[Task input — start]

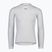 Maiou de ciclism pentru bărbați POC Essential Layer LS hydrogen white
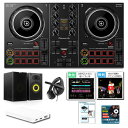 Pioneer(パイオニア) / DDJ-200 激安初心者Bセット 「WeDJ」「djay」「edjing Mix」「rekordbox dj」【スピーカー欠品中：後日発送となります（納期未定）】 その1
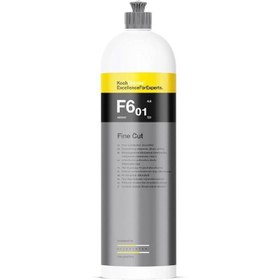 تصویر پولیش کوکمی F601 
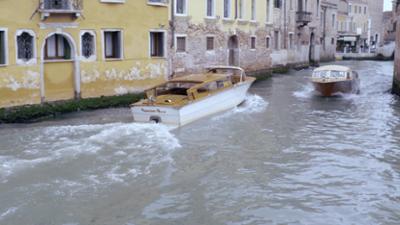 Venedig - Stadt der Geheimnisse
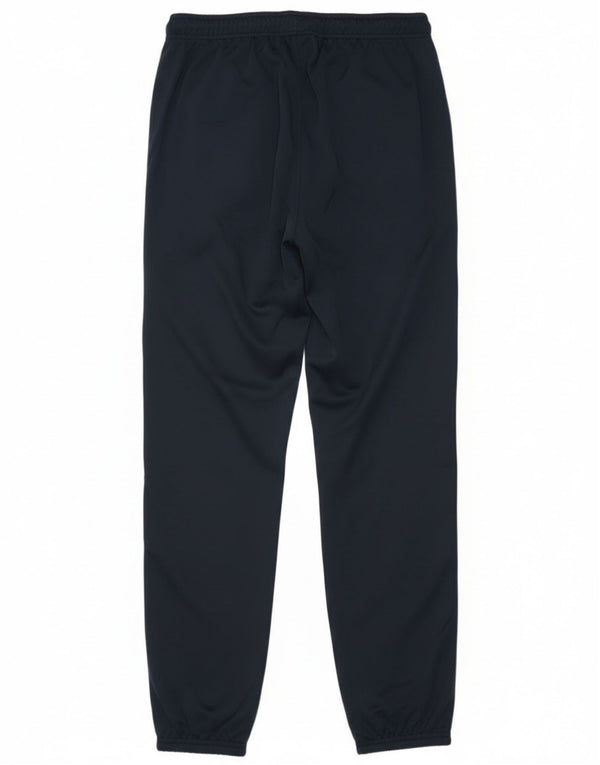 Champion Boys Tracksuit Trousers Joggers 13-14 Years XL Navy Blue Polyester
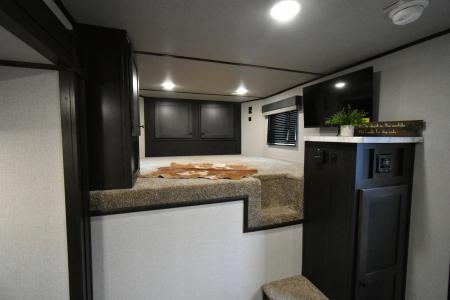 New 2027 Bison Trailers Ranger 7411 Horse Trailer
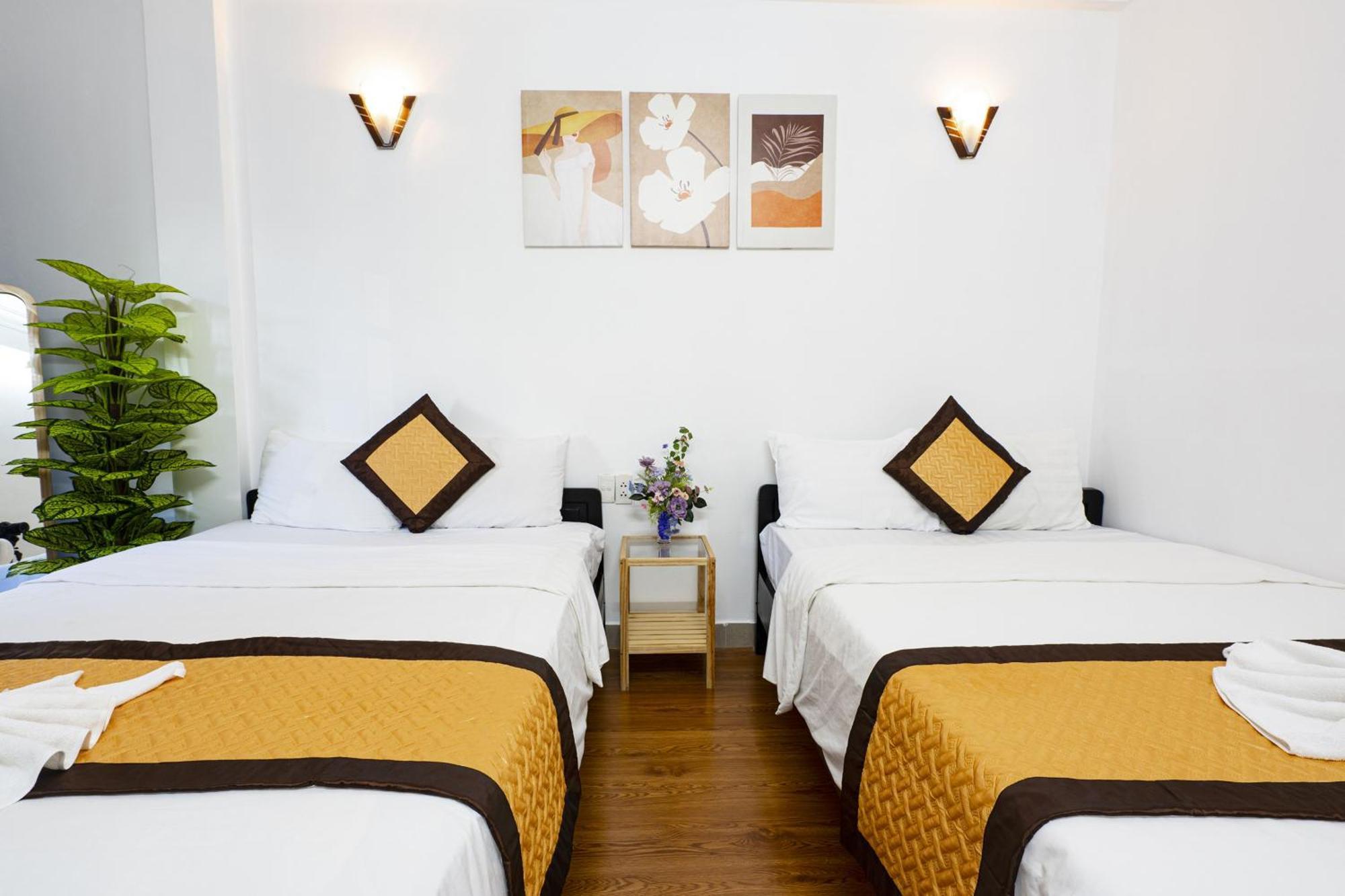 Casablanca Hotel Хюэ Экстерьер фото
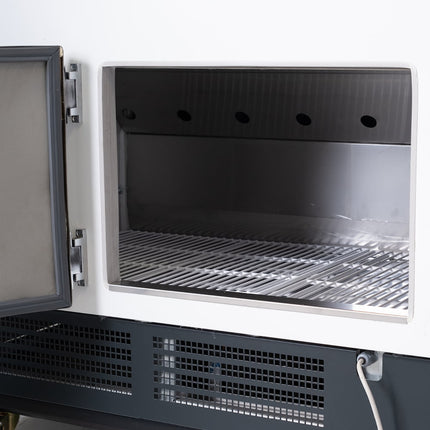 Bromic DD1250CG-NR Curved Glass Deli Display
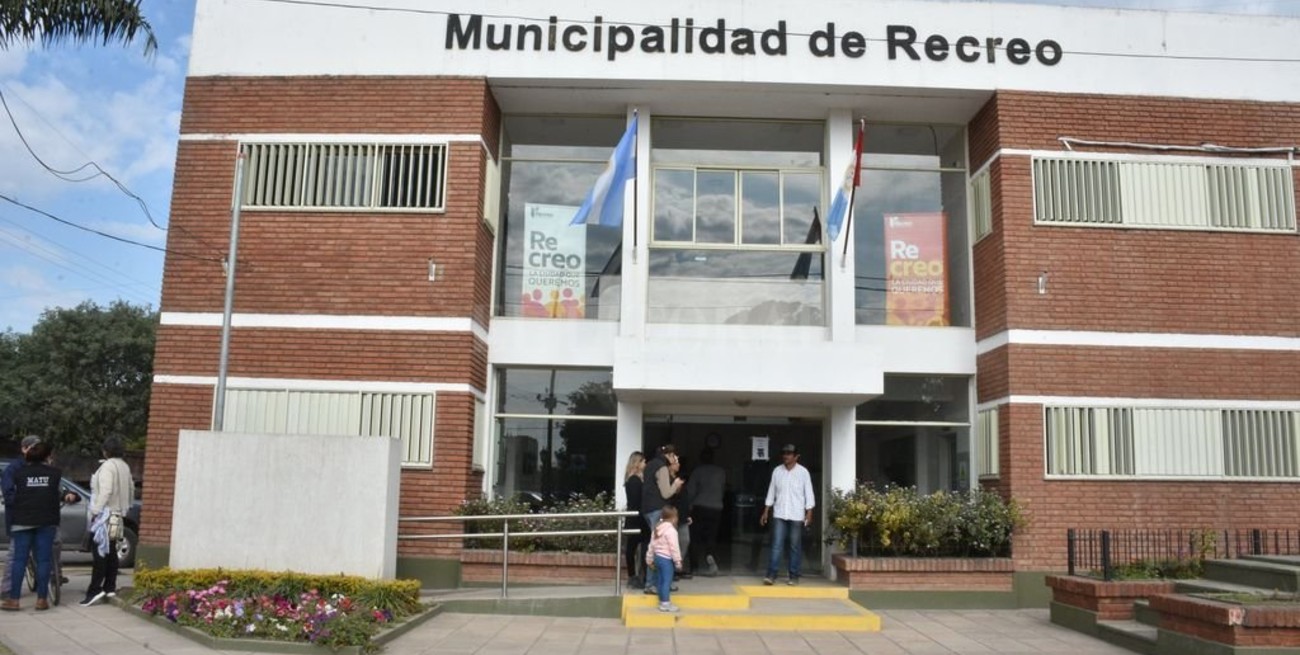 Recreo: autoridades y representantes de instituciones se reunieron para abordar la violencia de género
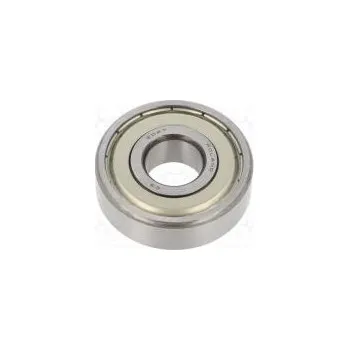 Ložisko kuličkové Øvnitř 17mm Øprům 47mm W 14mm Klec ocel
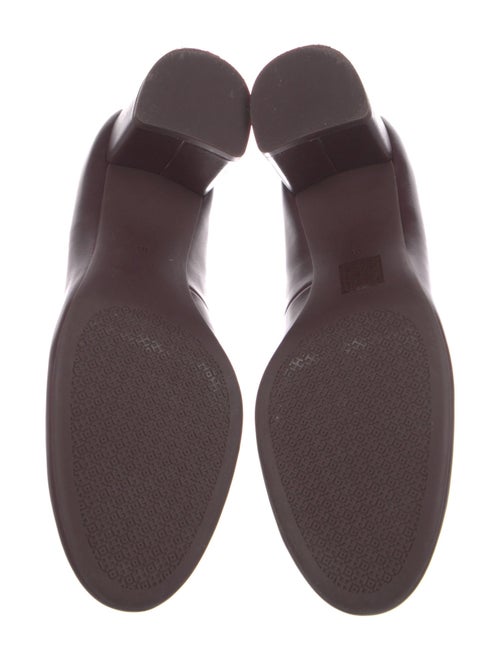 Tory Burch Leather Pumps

[Task input — finish]
[Task input — start]

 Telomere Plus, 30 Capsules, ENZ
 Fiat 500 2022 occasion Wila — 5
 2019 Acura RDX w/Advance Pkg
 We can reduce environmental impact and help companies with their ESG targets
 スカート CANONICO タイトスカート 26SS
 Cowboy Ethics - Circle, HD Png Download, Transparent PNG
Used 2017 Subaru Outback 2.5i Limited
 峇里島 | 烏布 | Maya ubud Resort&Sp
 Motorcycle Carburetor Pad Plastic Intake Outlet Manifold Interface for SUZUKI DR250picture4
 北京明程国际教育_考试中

[Task input — finish]

**Directions:** Once the line with "Champion Boys Tracksuit" has been found above, output that line and every later line exactly, stopping after the line with "Tory Burch Leather Pumps", and omit the pictures.

**Answer area:**
 Champion Boys Tracksuit Trousers Joggers 13-14 Years XL Navy Blue Polyester
 New 2027 Bison Trailers Ranger 7411 Horse Trailer
 Casablanca Hotel Хюэ Экстерьер фото
 Bromic DD1250CG-NR Curved Glass Deli Display
 Recreo: autoridades y representantes de instituciones se reunieron para abordar la violencia de género
 Ložisko kuličkové Øvnitř 17mm Øprům 47mm W 14mm Klec ocel
 Tory Burch Leather Pumps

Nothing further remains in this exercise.